[[ Data for review open ]]

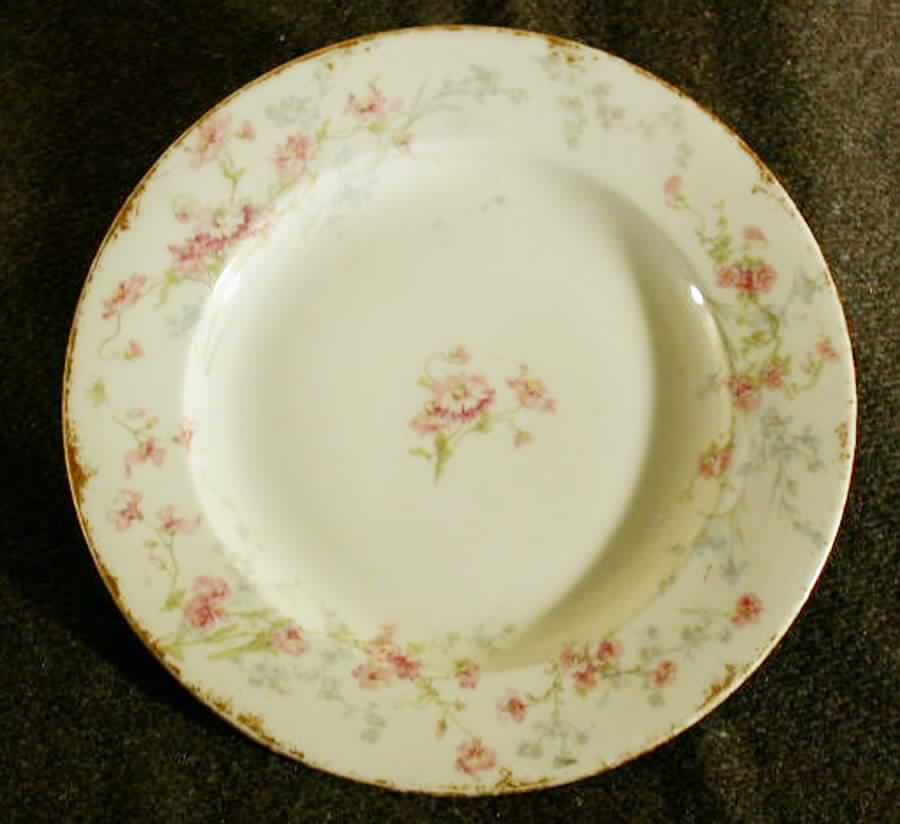 H2729 Dinner Plate by Haviland-1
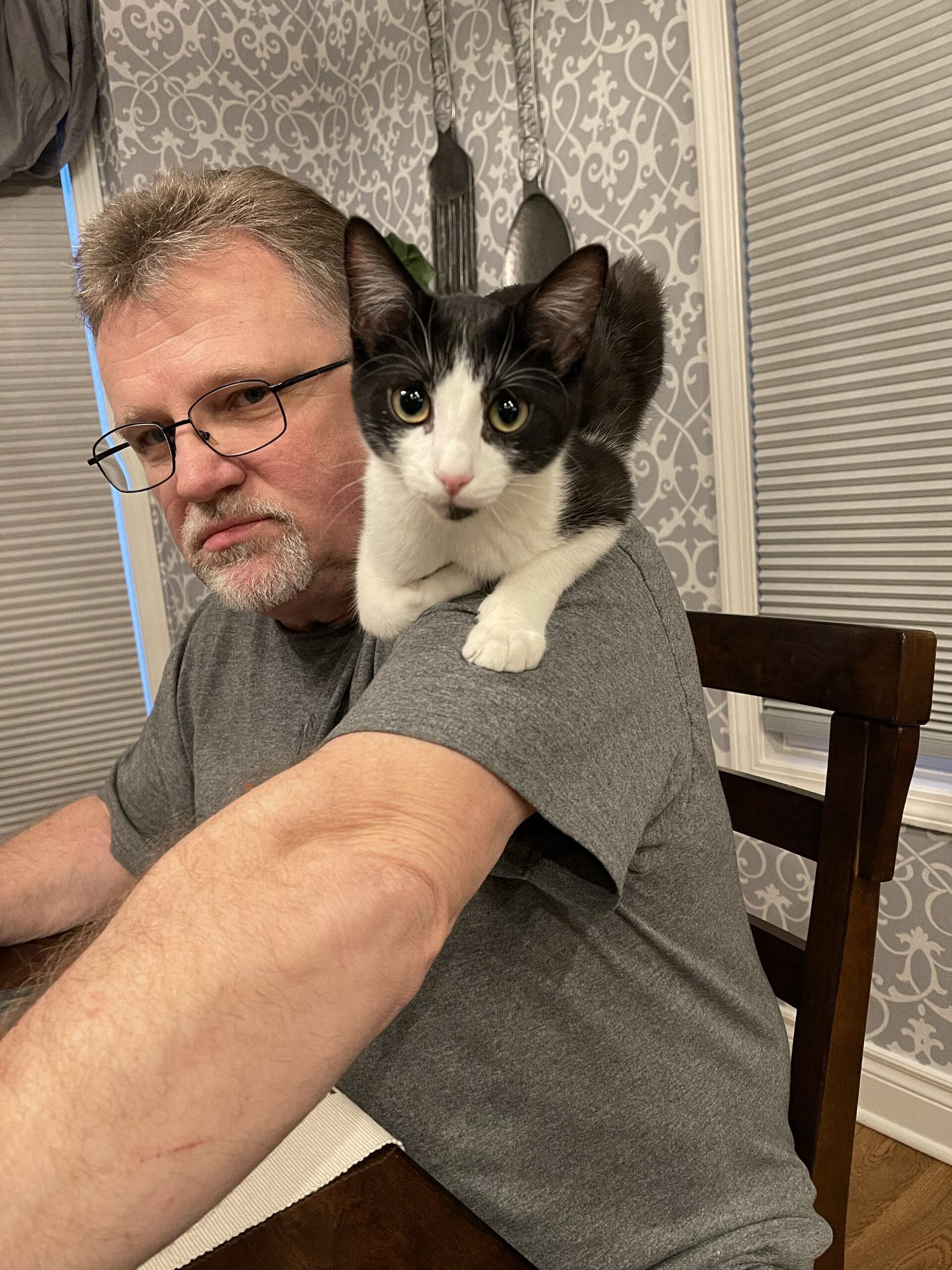 Richard Jackson KC Pet Search and Rescue review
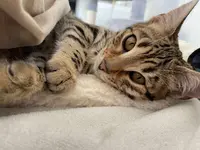 Chatterie Bengal Master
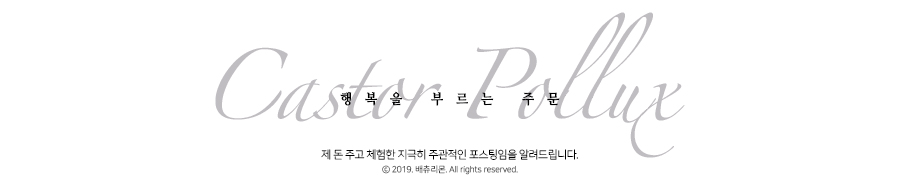 추사로칼국수 이미지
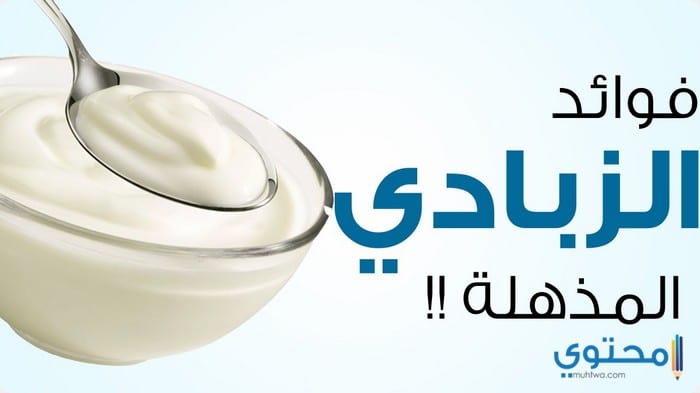 فوائد الزبادى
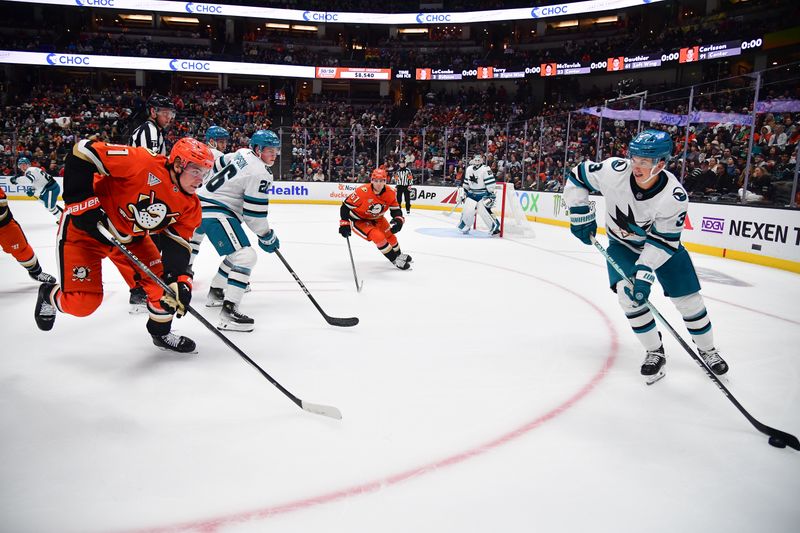 Oct 22, 2024; Anaheim, California, USA; San Jose Sharks defenseman Henry Thrun (3) moves the puck against Anaheim Ducks center Leo Carlsson (91)  during the second period at Honda Center. Mandatory Credit: Gary A. Vasquez-Imagn Images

[[ Data for review closed ]]

What is being asked —
Only the lines from the line containing "Chatterie Bengal Master" through the last line of the entries above should be reproduced, word for word and without pictures.

Task answer —
 Chatterie Bengal Master
 추사로칼국수 이미지
 فوائد الزبادى
 Oct 22, 2024; Anaheim, California, USA; San Jose Sharks defenseman Henry Thrun (3) moves the puck against Anaheim Ducks center Leo Carlsson (91)  during the second period at Honda Center. Mandatory Credit: Gary A. Vasquez-Imagn Images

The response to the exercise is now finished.